Ultimately the organization exists to fulfill a specific purpose–its mission. As well, it must have clearly defined values and goals.

Board Members

  1. Select members based on character first, and specific skills second. Even so, board members in a Christ-centred entity should have traits mentioned in 1 Timothy 3.
  2. Choose the best people for the board from a diverse group, but don’t try to fill a diversity quota.
  3. Each person should understand her legal responsibility and commit formally to discharge them to the best of her abilities.
  4. Each potential member should understand that even if not paid, she must honor her commitments. Moreover, agreeing to serve means not having time to discharge board duties is not an acceptable excuse. Rather, it’s an absurd, subliminal deflection tactic.
  5. The chair of the board and each board member must commit to putting people first and fund-raising second.
  6. Christian leaders in nonprofits and churches tend to avoid conflicts, allowing difficult situations to fester for as long as possible.

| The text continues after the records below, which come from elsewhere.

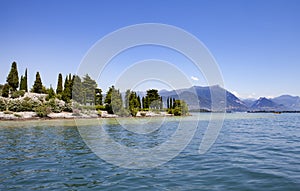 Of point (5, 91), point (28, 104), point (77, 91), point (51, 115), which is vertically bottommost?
point (51, 115)

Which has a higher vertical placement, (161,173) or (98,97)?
(98,97)

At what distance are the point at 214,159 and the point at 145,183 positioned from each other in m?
5.71

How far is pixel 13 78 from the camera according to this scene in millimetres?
74625

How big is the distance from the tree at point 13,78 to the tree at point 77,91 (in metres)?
17.2

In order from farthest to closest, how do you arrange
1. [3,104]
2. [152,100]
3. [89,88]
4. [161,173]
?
[152,100], [89,88], [3,104], [161,173]

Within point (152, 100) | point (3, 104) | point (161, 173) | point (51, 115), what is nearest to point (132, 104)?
point (152, 100)

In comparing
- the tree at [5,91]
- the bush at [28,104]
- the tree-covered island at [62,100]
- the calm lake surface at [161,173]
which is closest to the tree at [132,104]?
the tree-covered island at [62,100]

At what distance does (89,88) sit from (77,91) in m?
4.86

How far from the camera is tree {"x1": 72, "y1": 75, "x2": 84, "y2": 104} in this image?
3175 inches

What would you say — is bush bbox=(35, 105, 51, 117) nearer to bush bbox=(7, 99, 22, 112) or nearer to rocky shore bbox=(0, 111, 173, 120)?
rocky shore bbox=(0, 111, 173, 120)

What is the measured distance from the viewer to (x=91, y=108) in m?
80.4

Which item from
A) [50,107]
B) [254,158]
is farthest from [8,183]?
[50,107]

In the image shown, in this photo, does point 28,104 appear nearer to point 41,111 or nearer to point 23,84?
point 41,111

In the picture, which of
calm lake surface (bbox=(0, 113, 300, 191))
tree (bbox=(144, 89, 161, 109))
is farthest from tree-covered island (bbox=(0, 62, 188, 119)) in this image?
calm lake surface (bbox=(0, 113, 300, 191)) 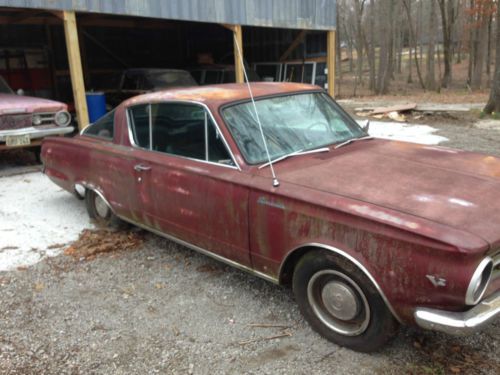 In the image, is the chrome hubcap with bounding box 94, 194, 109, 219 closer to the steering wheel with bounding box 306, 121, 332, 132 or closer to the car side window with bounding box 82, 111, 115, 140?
the car side window with bounding box 82, 111, 115, 140

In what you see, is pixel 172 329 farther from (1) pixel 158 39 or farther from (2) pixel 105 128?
(1) pixel 158 39

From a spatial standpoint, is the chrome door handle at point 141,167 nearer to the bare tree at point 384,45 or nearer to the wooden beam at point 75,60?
the wooden beam at point 75,60

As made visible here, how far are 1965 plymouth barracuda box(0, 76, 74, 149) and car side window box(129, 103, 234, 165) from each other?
12.7 ft

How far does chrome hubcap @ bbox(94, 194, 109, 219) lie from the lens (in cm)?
484

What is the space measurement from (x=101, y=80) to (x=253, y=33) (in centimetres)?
591

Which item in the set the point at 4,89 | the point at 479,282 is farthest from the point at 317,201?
the point at 4,89

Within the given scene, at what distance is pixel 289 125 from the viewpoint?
3678 mm

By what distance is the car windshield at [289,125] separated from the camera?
3420 mm

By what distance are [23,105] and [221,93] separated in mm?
5053

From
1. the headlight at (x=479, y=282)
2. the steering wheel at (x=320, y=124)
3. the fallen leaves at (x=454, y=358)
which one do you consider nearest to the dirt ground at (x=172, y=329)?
the fallen leaves at (x=454, y=358)

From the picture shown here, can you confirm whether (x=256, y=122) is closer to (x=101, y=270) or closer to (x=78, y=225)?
(x=101, y=270)

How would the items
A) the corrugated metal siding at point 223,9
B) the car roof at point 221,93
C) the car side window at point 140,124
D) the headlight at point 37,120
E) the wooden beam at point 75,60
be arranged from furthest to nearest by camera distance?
1. the corrugated metal siding at point 223,9
2. the wooden beam at point 75,60
3. the headlight at point 37,120
4. the car side window at point 140,124
5. the car roof at point 221,93

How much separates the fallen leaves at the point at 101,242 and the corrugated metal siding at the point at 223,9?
4.91m

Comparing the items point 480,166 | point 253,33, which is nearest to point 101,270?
point 480,166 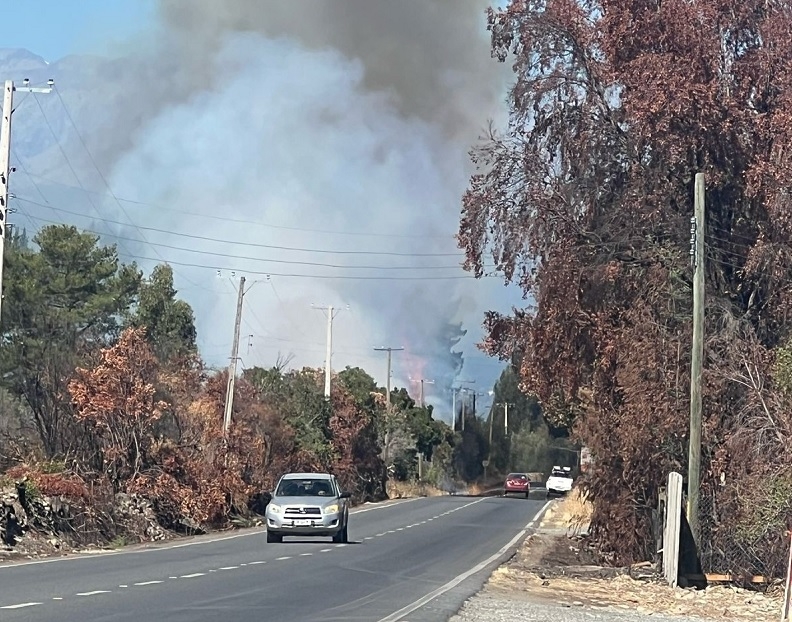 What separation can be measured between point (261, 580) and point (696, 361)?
9.64m

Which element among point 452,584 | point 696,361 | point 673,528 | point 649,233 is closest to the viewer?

Therefore, bar from board leadership roles politically correct folks and those afraid to confront conflicts, gracefully and speedily.
  7. Provide training for each board member to explain the vision, mission, values, fund-raising approach, and strategy.

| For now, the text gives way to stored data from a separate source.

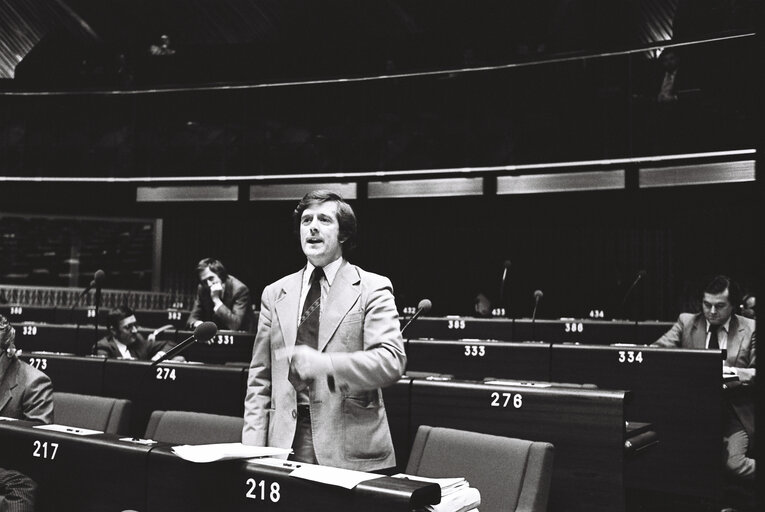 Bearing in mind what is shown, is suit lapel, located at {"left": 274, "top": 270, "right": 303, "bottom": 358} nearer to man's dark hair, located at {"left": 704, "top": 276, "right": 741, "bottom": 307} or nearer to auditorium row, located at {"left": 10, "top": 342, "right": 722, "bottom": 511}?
auditorium row, located at {"left": 10, "top": 342, "right": 722, "bottom": 511}

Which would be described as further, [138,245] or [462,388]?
[138,245]

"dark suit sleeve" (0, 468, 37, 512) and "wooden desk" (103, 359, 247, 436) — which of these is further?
"wooden desk" (103, 359, 247, 436)

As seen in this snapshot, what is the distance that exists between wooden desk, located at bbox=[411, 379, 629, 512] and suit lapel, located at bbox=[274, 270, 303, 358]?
4.24 ft

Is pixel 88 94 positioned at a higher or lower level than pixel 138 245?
higher

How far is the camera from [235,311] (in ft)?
18.6

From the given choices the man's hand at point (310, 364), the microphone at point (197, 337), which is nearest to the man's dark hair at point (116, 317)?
the microphone at point (197, 337)

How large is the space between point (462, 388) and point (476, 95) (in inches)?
272

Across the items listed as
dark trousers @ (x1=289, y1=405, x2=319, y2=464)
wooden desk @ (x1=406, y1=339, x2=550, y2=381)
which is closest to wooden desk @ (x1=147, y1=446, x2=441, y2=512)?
dark trousers @ (x1=289, y1=405, x2=319, y2=464)

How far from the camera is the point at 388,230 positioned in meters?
12.1

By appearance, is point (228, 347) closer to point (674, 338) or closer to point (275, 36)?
point (674, 338)

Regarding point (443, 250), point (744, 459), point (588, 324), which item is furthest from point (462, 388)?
point (443, 250)

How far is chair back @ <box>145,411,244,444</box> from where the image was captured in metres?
2.80

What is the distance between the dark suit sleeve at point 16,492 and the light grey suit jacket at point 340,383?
0.63 metres

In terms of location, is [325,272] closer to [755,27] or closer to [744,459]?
[755,27] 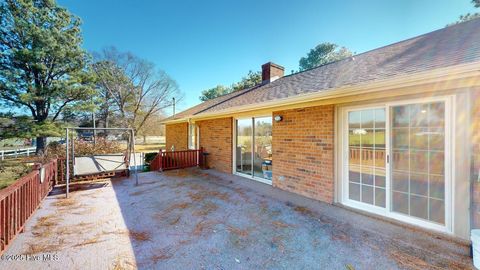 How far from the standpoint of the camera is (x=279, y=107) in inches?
223

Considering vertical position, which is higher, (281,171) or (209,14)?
(209,14)

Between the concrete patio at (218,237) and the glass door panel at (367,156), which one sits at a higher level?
the glass door panel at (367,156)

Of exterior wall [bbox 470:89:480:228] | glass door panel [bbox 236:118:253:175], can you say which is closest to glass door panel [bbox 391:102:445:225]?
exterior wall [bbox 470:89:480:228]

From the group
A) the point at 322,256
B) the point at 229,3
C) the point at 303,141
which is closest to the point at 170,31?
the point at 229,3

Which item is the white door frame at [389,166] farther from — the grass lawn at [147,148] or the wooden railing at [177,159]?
the grass lawn at [147,148]

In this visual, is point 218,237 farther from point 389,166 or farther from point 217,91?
point 217,91

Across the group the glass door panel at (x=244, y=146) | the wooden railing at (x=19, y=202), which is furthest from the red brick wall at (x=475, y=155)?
the wooden railing at (x=19, y=202)

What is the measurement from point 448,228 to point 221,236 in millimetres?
3654

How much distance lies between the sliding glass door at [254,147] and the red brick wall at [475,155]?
4.29m

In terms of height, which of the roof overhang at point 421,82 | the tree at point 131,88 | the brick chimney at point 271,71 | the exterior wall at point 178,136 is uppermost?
the tree at point 131,88

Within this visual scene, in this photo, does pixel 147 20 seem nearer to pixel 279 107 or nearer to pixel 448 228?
pixel 279 107

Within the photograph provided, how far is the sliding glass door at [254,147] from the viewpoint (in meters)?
6.56

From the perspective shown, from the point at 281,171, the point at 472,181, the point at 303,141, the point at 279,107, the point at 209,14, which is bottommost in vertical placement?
the point at 281,171

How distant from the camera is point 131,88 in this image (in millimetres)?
24172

Other Board of Directors’ Issues

  1. Transparency: The organization must be open about activities except where confidentiality is essential.
  2. Predictability: Leadership should be predictable and not let money and situations lead and decide their actions; they must do what’s right always and deal with the consequences.
  3. Punctuality: Board members must respect everyone’s time.
  4. Meetings: Meetings must have starting and end times, agendas showing individual’s responsible for each agenda item, and end with clear responsibilities and timeframes for follow-up items. It’s important to start on time and not wait for late arrivals so you don’t disrespect those who came early.
  5. Funding: The nonprofit entity must not coerce people for money. For example, it should not show advertising exploiting poor kids in fly infected places, or use similar situations to raise funds.
  6. Financial accountability: The entity must maintain proper books, accounts, and reporting systems. Even if not required legally, an independent professional should audit the books.
  7. Performance metrics: The board must agree a set of metrics (critical success factors) that captures the organization’s performance, and the CEO should report them clearly, concisely, and fluff-free, at each meeting.

Conclusion

Fundamentally, criteria for choosing members of boards of directors in profit and nonprofit entities are the same. Owners or sponsors must select people of character committed to the mission, and qualified for specific roles identified by the organization.

Nonprofit organizations can play a major role in many areas of society: the arts, education, health care, and so on. However, in addition to needing professional management, each needs an effective governance structure rooted in a carefully selected board of directors. Too often these entities hire unqualified leaders who spend most of their time fund-raising and not taking care of the mission.

References

Du Bois, C., Caers, R., Jegers, M., De Cooman, R., De Gieter, S., & Pepermans, R. (2007). The non-profit board: A concise review of the empirical literature. Zeitschrift Für öffentliche Und Gemeinwirtschaftliche Unternehmen: ZögU / Journal for Public and Nonprofit Services, 30(1), 78-88. Retrieved from http://www.jstor.org/stable/20764647

Hayden, E. (2006). Governance failures also occur in the non-profit world. International Journal of Business Governance and Ethics, 2(1), 116-128.

Larcker, G et al (April 2015), https://www.gsb.stanford.edu/faculty-research/publications/2015-survey-board-directors-nonprofit-organizations

Patel, B., Booker, L., Ramos, H., & Bart, C. (2015). Mission statements and performance in non-profit organisations. Corporate Governance, 15(5), 759-774.